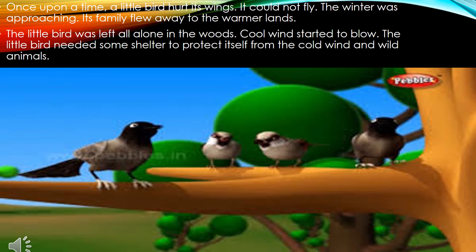Once upon a time, a little bird hurt its wings. It could not fly. The winter was approaching (moosam sarma kareeb aa raha tha). Its family flew away to the warmer land (iska kumbha garam sarzameen ki taraf ud gaya). The little bird was left all alone in the woods. Cold wind started to blow (thundi hawa chalne lagi).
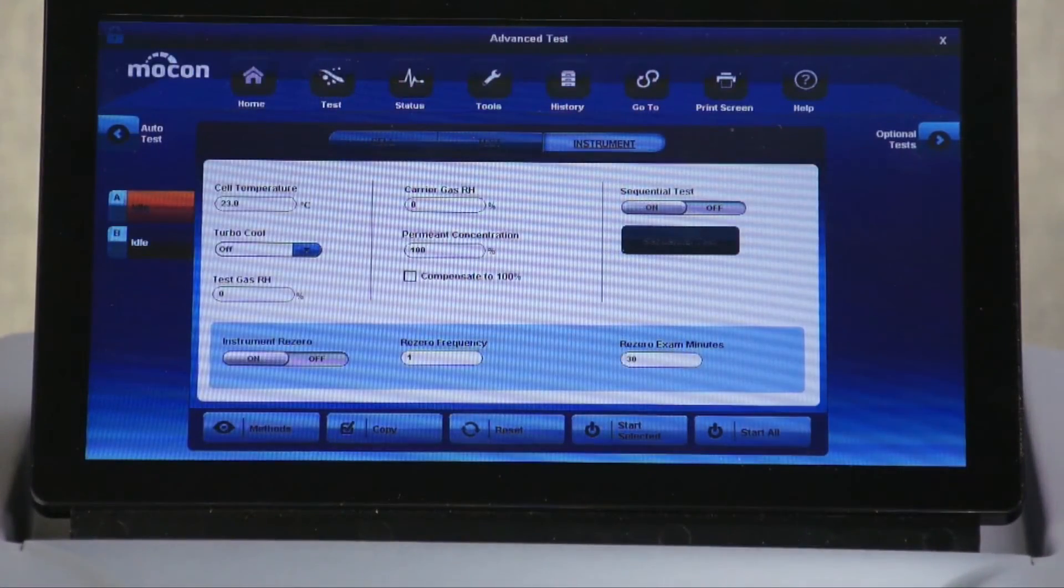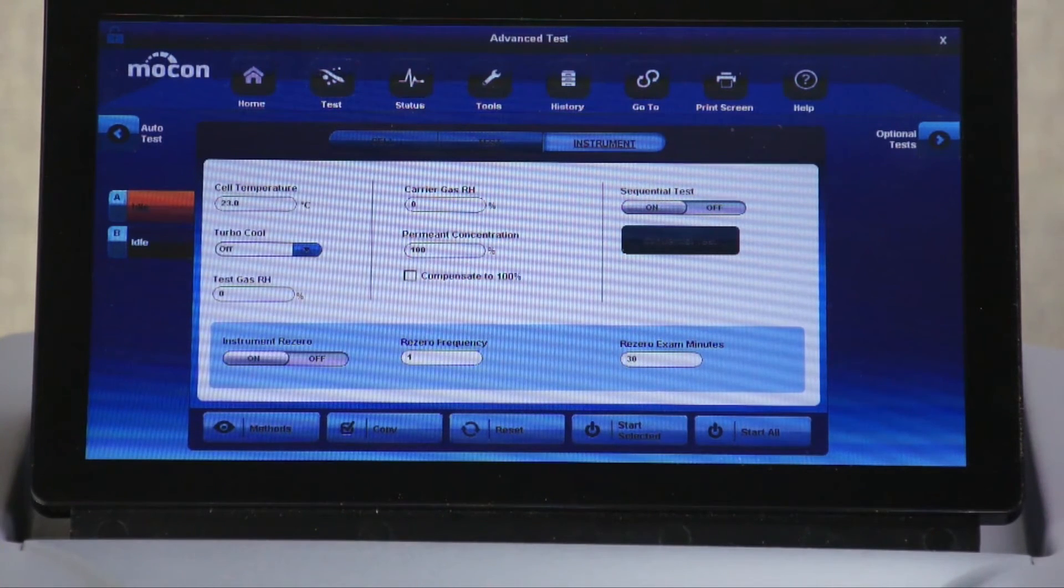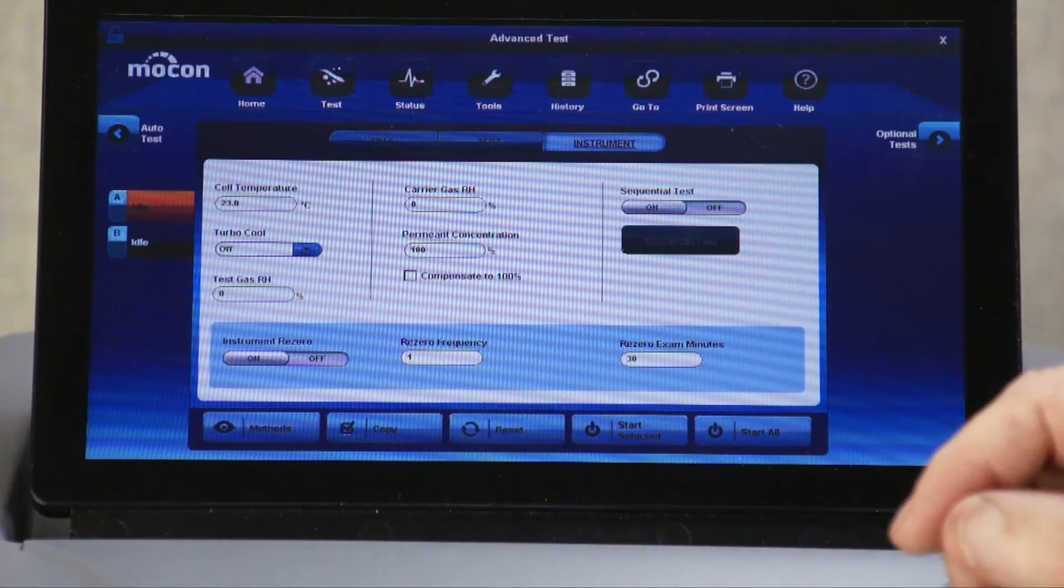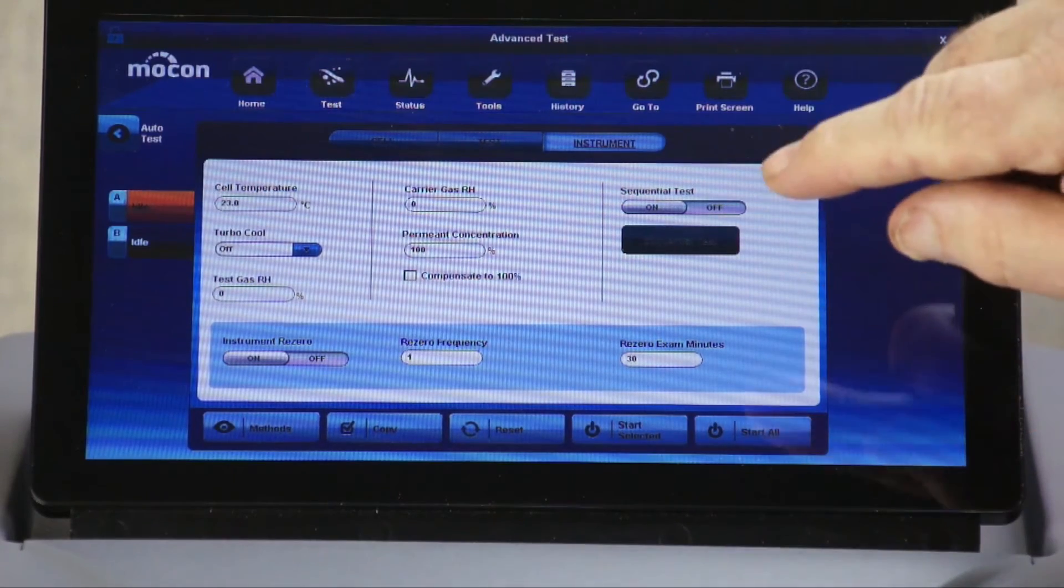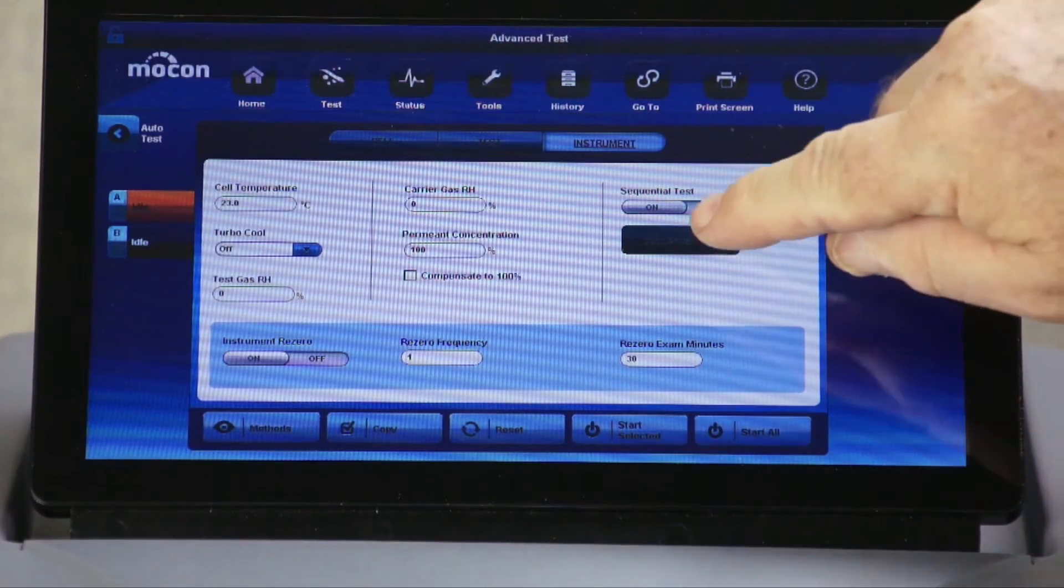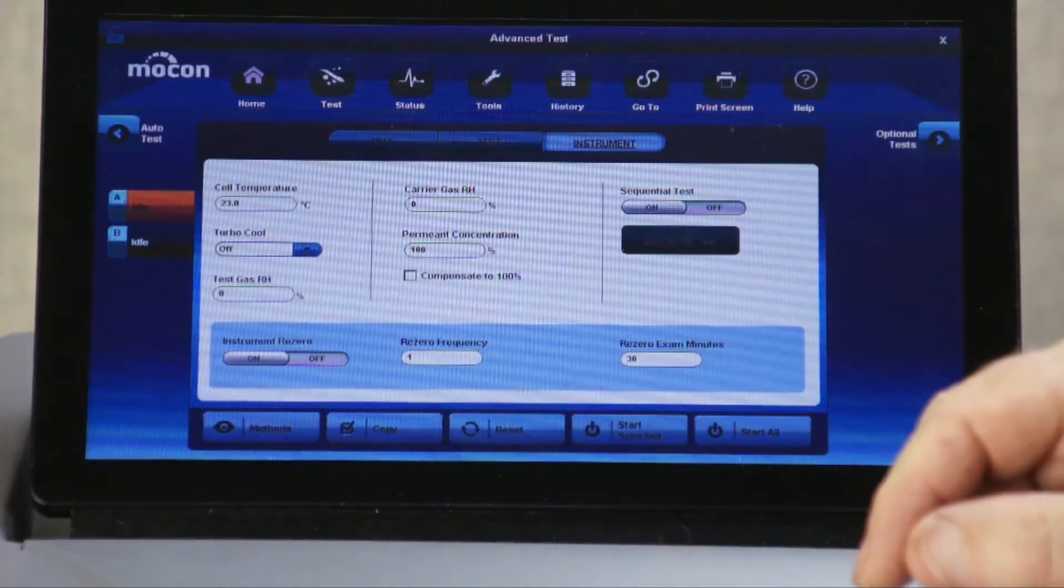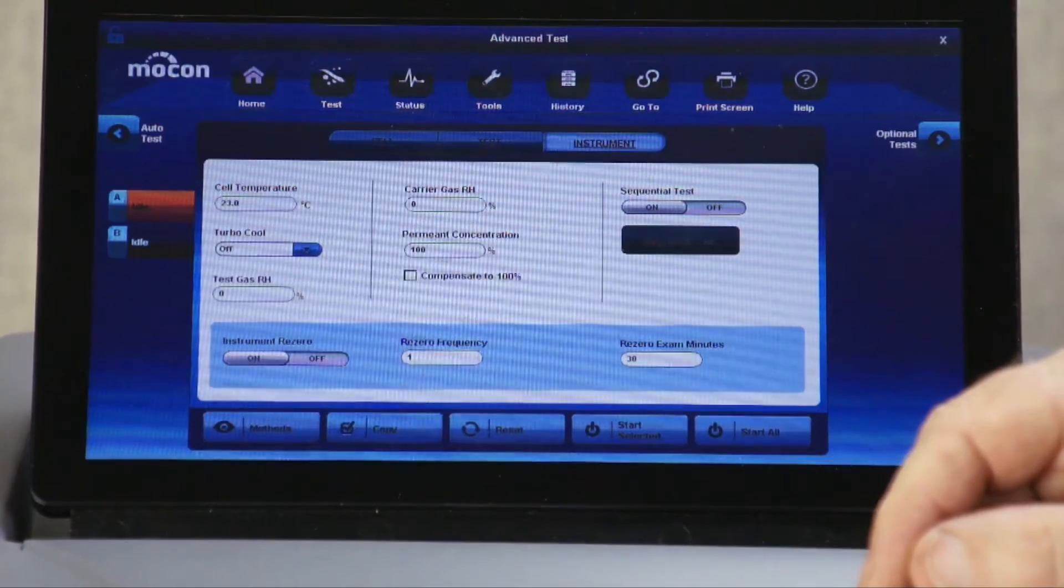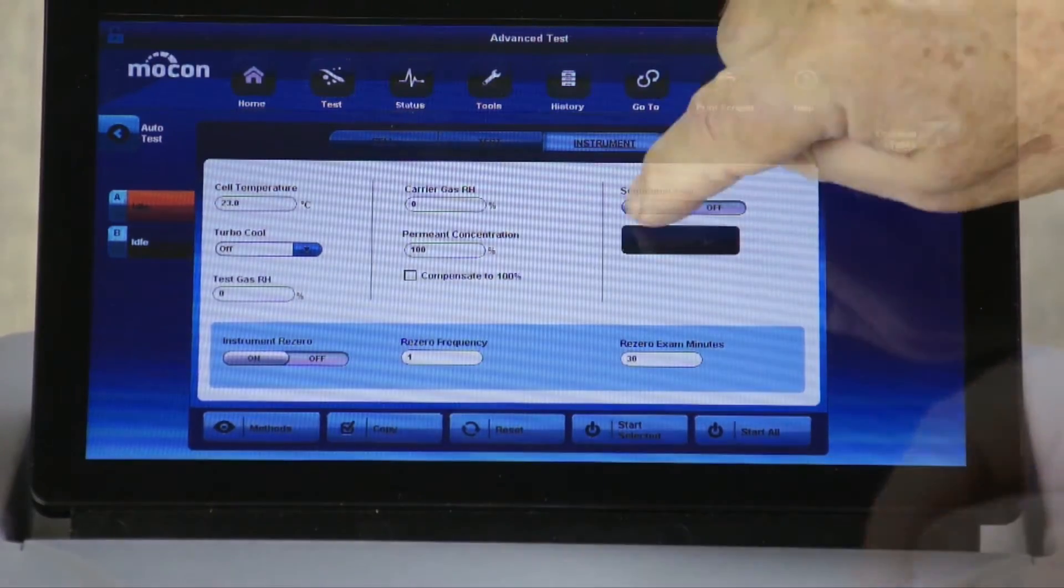Sequential testing means you can, with one setup, get a complete film profile by testing up to 10 different relative humidity and temperature parameters on a single film. This is a huge time saver over setting up each new test.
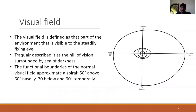We'll start with what is the definition of a visual field. A visual field is basically defined as that environment that is visible to a steadily fixing eye. Trakwerky described this classically as a hidden vision which is surrounded by a sea of darkness. Before we know what is abnormal field, we need to know what the boundaries of a normal field are.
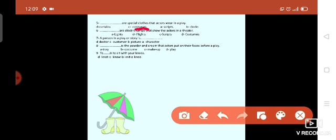Are electric lamps that show the actors in a theater? What's that? Try to think. Yes, lights.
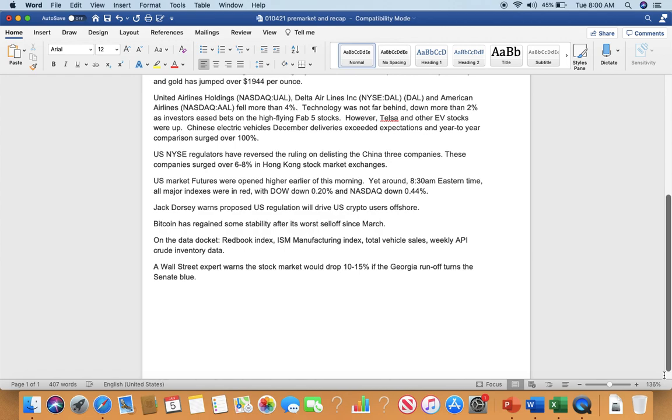Bitcoin has regained some stability after its worst sell-off since March. On the data docket: redbook index, ISM manufacturing index, total vehicle sales, weekly API crude inventory data. On Wall Street expert warned the stock market would drop 10% to 15% if the Georgia runoff turns the Senate blue.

-------

**What the task requires:** Set down only the lines from the one with "Are electric lamps" through the end of the entries, exactly as they appear, leaving out each picture.

**Answer space:**
Are electric lamps that show the actors in a theater? What's that? Try to think. Yes, lights.
Bitcoin has regained some stability after its worst sell-off since March. On the data docket: redbook index, ISM manufacturing index, total vehicle sales, weekly API crude inventory data. On Wall Street expert warned the stock market would drop 10% to 15% if the Georgia runoff turns the Senate blue.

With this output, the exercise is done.